TASK PROMPT: Go to the line in the entries below that holds "White Gold and" and repeat exactly from there through the line that holds "LISBOA (Portugal) CARTE", inclusive.

INPUT RECORDS:
=== Section Start ===
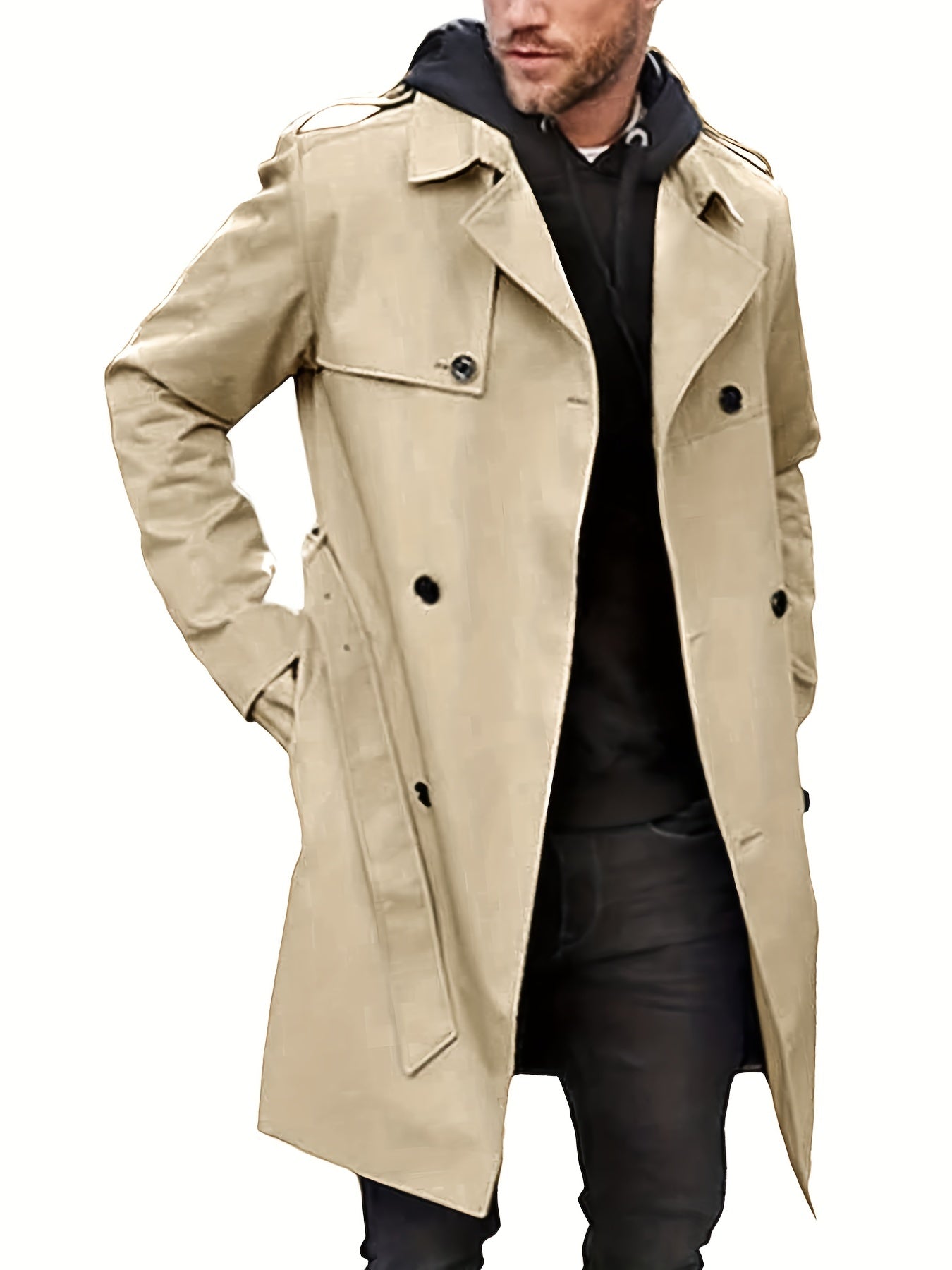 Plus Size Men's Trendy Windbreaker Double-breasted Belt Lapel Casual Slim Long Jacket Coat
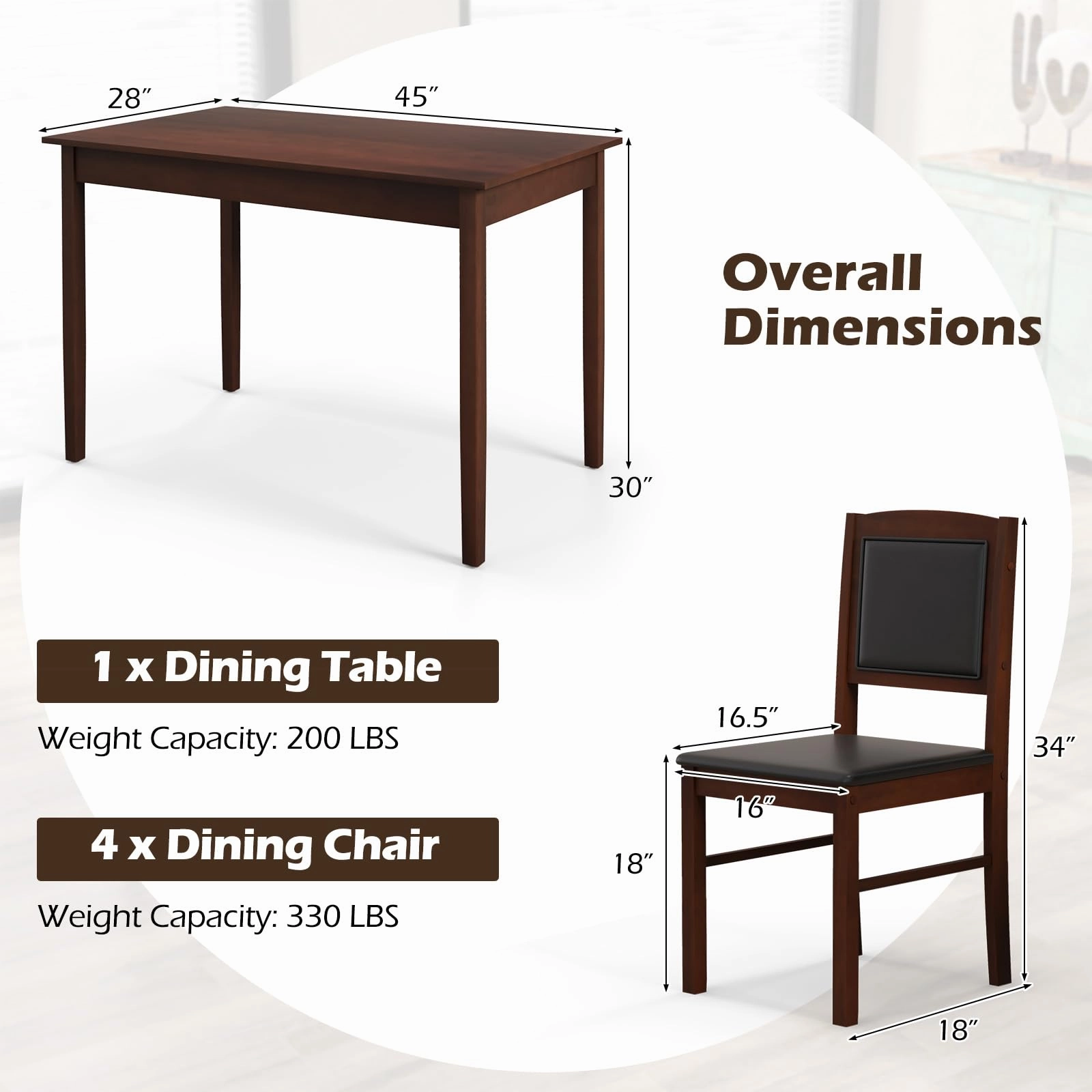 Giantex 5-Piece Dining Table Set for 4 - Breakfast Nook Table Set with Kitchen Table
=== Section End ===
=== Section Start ===
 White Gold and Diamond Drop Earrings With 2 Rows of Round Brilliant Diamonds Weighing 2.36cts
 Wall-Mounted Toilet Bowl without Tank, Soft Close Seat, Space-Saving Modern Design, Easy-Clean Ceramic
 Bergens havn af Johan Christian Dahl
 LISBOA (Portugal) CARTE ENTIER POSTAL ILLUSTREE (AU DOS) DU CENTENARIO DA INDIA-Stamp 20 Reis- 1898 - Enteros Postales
=== Section End ===
=== Section Start ===
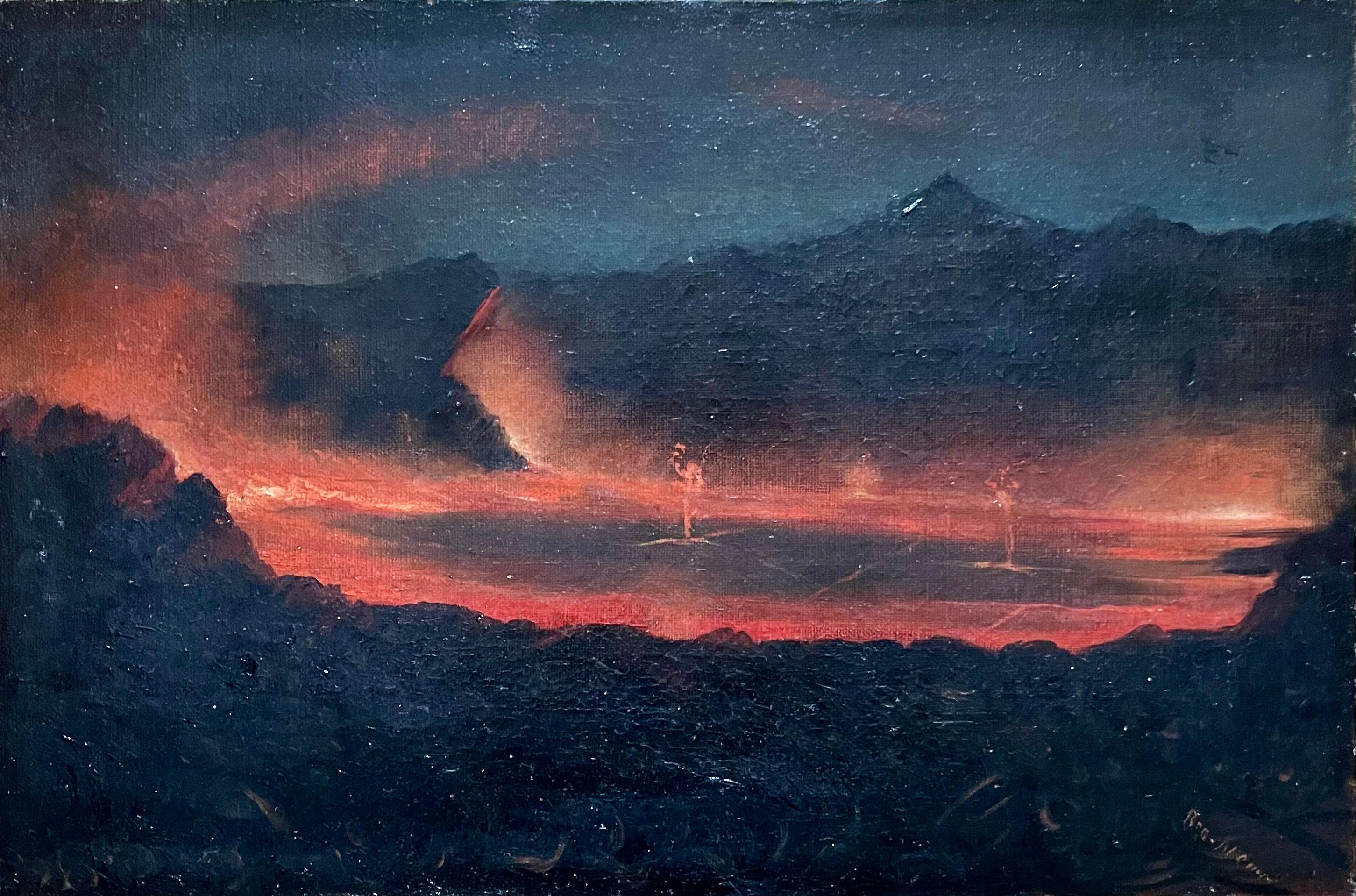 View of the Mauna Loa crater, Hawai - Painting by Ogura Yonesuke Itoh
=== Section End ===
ANSWER FOR THE TASK:
 White Gold and Diamond Drop Earrings With 2 Rows of Round Brilliant Diamonds Weighing 2.36cts
 Wall-Mounted Toilet Bowl without Tank, Soft Close Seat, Space-Saving Modern Design, Easy-Clean Ceramic
 Bergens havn af Johan Christian Dahl
 LISBOA (Portugal) CARTE ENTIER POSTAL ILLUSTREE (AU DOS) DU CENTENARIO DA INDIA-Stamp 20 Reis- 1898 - Enteros Postales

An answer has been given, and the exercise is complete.